Chacun voit bien l’erreur colossale qu’a représentée la ligne du gouvernement : 7,5 milliards d’euros ont été payés aux créanciers. Ainsi le gouvernement a étranglé toutes les ressources sociales disponibles, ressources qui auraient dû être destinées à la Santé, à l’Éducation... Lorsque les créanciers ont étranglé le pays avec les exigences avancées pour un nouvel accord, la direction de Syriza a considéré comme inacceptable que la gauche du parti ne soutienne pas la position d’acceptation de l’accord. Pour Tsipras, la porte de sortie a été le référendum du 5 juillet.
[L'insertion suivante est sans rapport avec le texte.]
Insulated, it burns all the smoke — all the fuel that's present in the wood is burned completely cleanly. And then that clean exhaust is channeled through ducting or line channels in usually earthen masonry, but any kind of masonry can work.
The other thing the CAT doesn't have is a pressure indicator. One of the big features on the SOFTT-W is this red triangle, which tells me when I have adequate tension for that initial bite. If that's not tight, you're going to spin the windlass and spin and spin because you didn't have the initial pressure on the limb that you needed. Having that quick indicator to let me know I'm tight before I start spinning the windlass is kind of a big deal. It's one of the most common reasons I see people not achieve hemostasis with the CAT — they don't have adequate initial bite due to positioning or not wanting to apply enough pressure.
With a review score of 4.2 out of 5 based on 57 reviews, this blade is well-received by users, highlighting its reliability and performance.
La gauche de Syriza, les groupes d’Antarsya, mais aussi beaucoup d’autres, ont mené la bataille du Non. Le résultat a été une deuxième immense victoire de la classe ouvrière avec 62 % de voix. Le message était clairement le rejet de l’austérité et le refus d’accepter le nouvel accord, le nouveau mémorandum. La majorité de Syriza, le gouvernement, changèrent à 180° de position, en réunissant dès le lendemain les leaders des partis de la bourgeoisie, pour soutenir un nouveau mémorandum avec les créanciers. Cela a ouvert une crise ouverte au sein de Syriza.
Avec sa démission et en provoquant ainsi des élections anticipées, le but de Tsipras est d’en finir avec la quarantaine de députés de Syriza opposés au mémorandum, pas seulement la Plateforme de gauche, mais aussi le groupe 53+ (la gauche de la majorité du comité central du Syriza).
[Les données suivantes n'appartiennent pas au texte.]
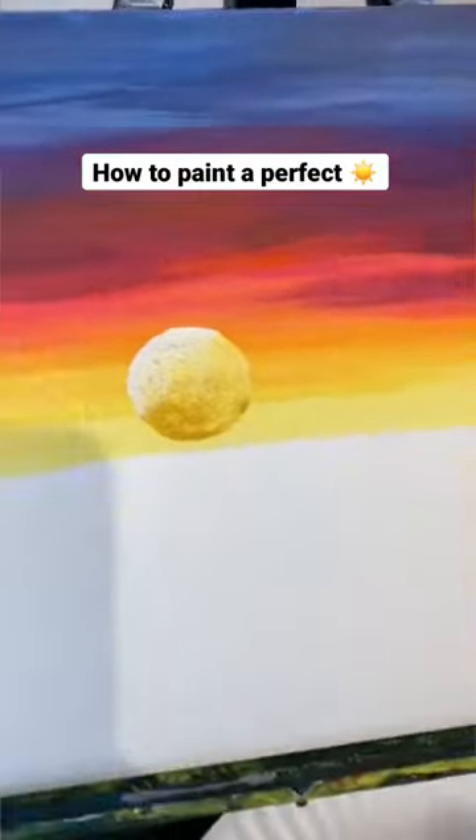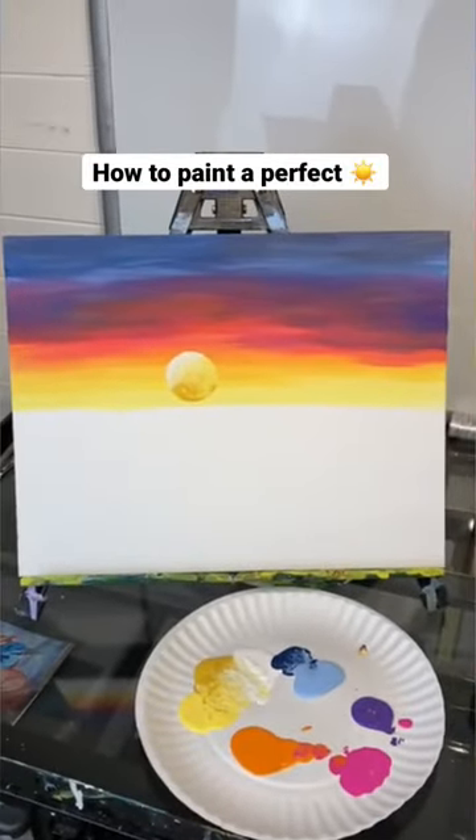I'm going to just smush it like a stamp, pull up — perfect. That is how you paint a sunset.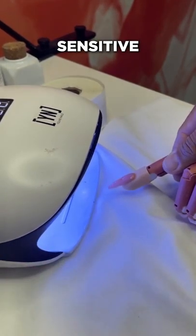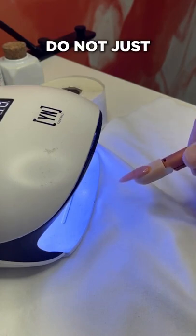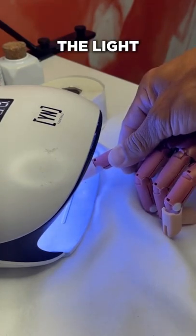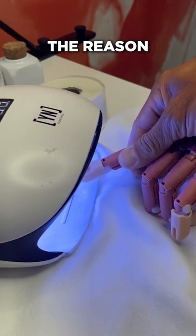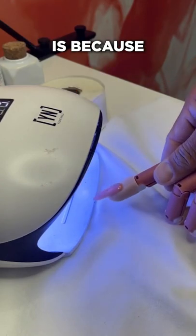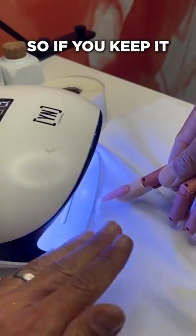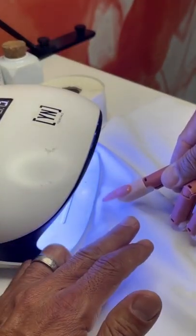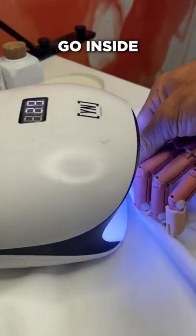For those individuals who are sensitive to the thermal reaction of gel, do not just put it inside the light and pray it's not going to burn. The reason why it gets hot is because of how gel cures. So if you keep it outside of the light for about 30 to 40 seconds, then when you go inside, they're not going to feel anything.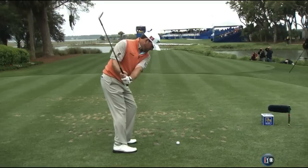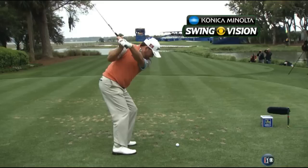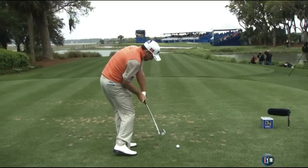That sets the angle up for impact and then he just kind of hangs on and rotates his body through. Doesn't get any release to speak of with the hands. Gets the release with his body because of that wrist position at the top. It really does a great job of turning through the shot.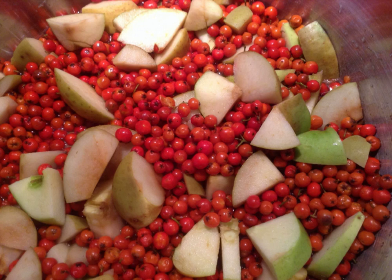First, prepare the lingonberries and cut the apples into slices. Lower them into boiling water for 10 minutes — berries and apples separately — then transfer everything to the bowl of the slow cooker.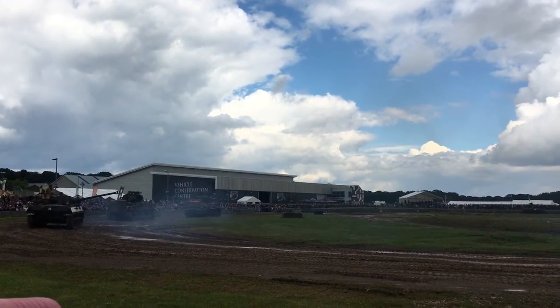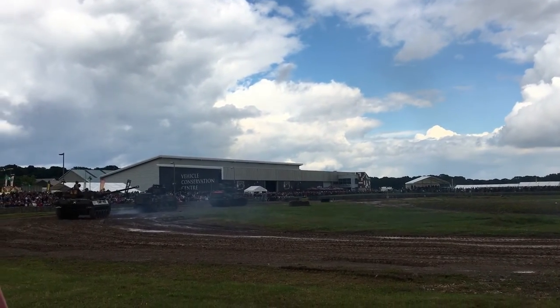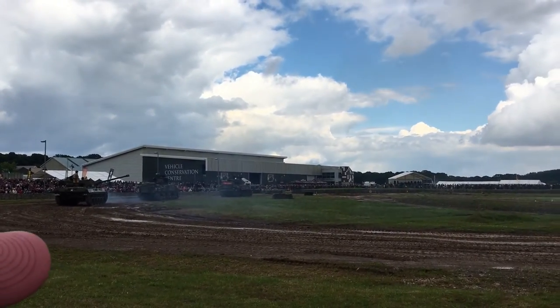With the M3 Stuart tank — that's the sandy-coloured tank — that's in British markings, because it was the British that first used some of this American equipment.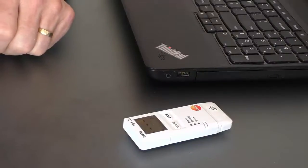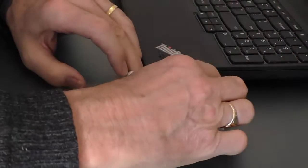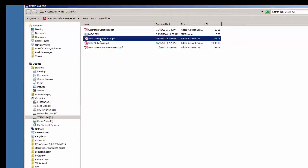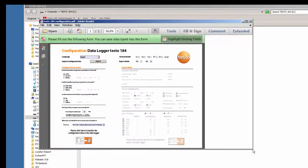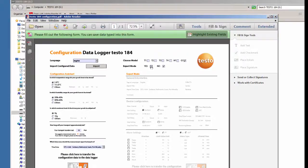To configure the Testo 184G, we simply open it up and plug it into our PC. The PC will pop up a window and we just open a folder to view the files. When it opens, we'll notice there is a Testo 184 configuration PDF, so I'll double click on that. It's opened the PDF and we can see normal mode and expert mode on the right-hand side, so I'm going to select expert mode.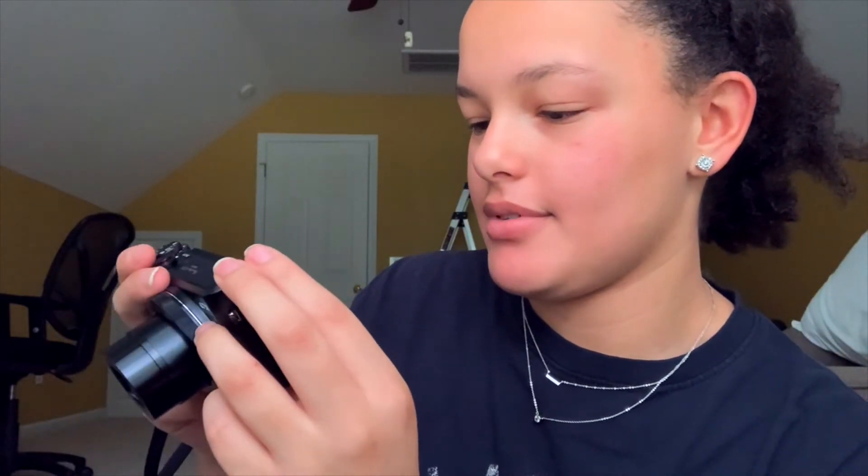Alright, I'm back — I got my SD card. This is the SD card that I use for all my cameras. I put the battery in, and then the SD card goes right here. Let's turn it on. First thing I have to do is set the time. Oh my gosh, this quality is amazing!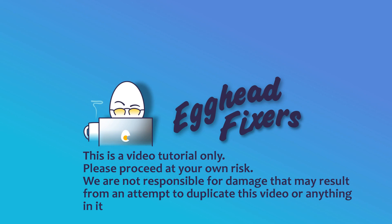Hello my fellow eggheads, this is Liz. I'm a certified repair technician and today we're going to be discussing what to do when your ASUS ROG keeps running hot.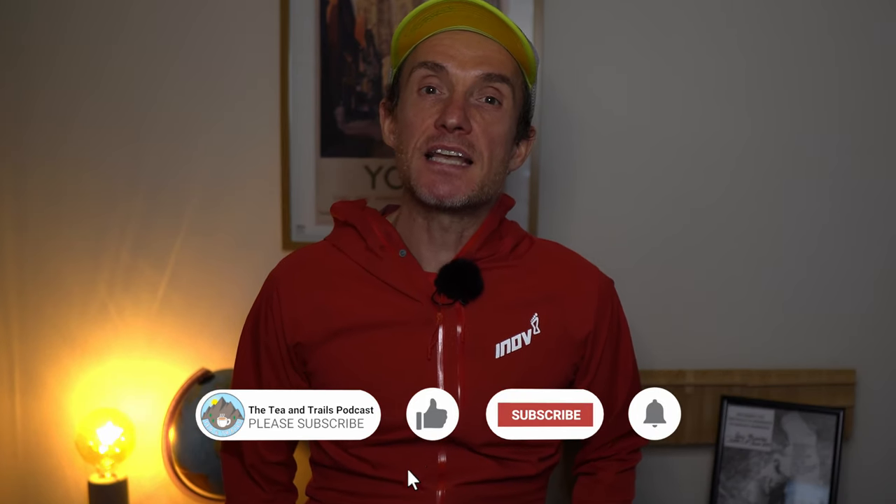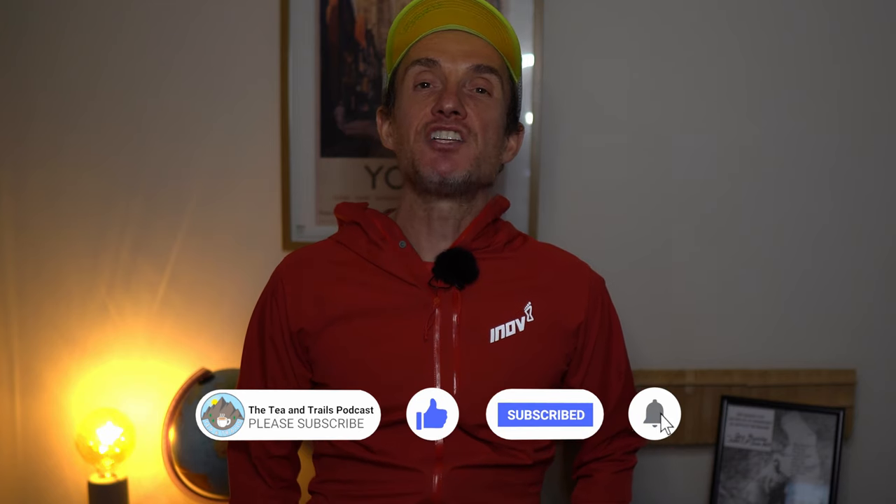I'll pop a link to Innovate.com in the description and to our Patreon page too — loads of amazing discount codes are available over there, all for the price of a cup of coffee. Thanks for watching, and if you like this video please like, share, subscribe and check out the Tea and Trails podcast. If you'd like to try Precision Fuel and Hydration, use the code TEAANDTRAILS15 — all caps — to receive 15% off your first order. I've used it loads, it's a great product. My name is Gary Thwaites and that was my thoughts on the Innovate Stormshell version 2 waterproof running jacket. Take care, thanks for watching.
Maintenant s’ouvre la discussion dans toutes les branches locales de Syriza. Tous les jours, nous recevons sur notre site des centaines de démissions de Syriza, de la part de membres en désaccord avec la ligne de Tsipras. Toute la question est d’arriver à organiser maintenant toutes ces forces dans l’Unité populaire. L’étape suivante sera la formation réelle de l’Unité populaire, dans un cadre à définir – front, coalition ou fédération –, dans la foulée de l’appel contresigné par 13 porte-paroles d’organisations de gauche parmi lesquelles une partie d’Antarsya (ARAN, ARAS, une partie de NAR). Au-delà, d’autres organisations et un grand nombre de militants de gauche comprennent l’importance de s’organiser ensemble.
Quelles seront les bases politiques de ce mouvement ?
Les points clefs sont d’être contre le troisième mémorandum et l’austérité ; de cesser le paiement de la dette, et annuler la plus grande partie de celle-ci ; d’être contre les privatisations et et de revenir sur les privatisations déjà mises en œuvre ; de nationaliser et mettre sous contrôle public le système bancaire.
La question de l’euro n’est pas la réponse en soi, la classe dirigeante peut elle-même changer de monnaie. La vraie question est « qui va payer ? ». Aussi, nous combinons la question de la monnaie avec le refus de l’austérité. Nous ne reculerons pas dans le combat contre l’austérité à cause de l’euro. C’est la meilleure façon d’obtenir un soutien populaire à une large échelle car les travailleurs veulent en finir avec l’austérité.
Que peut-on dire de la situation actuelle de Aube Dorée ?
Aube Dorée a reculé ces derniers mois, stoppé les attaques de rue et les assassinats. Ils sont sous la menace des condamnations pénales en tant qu’organisation criminelle. Ils essaient de se donner une image légaliste, mais il ne faut pas stopper le combat contre les nazis. Nous continuerons le combat pour qu’ils soient condamnés.
Dans ce contexte, quelle est la situation de DEA ?
Nous avons gagné une nouvelle crédibilité. Avec le réseau Red Network, les positions de DEA ont été perçues comme correctes et cohérentes ces derniers mois et beaucoup veulent travailler avec nous au sein de l’Unité Populaire. À cette nouvelle étape, nous avons réussi à avoir beaucoup plus de force.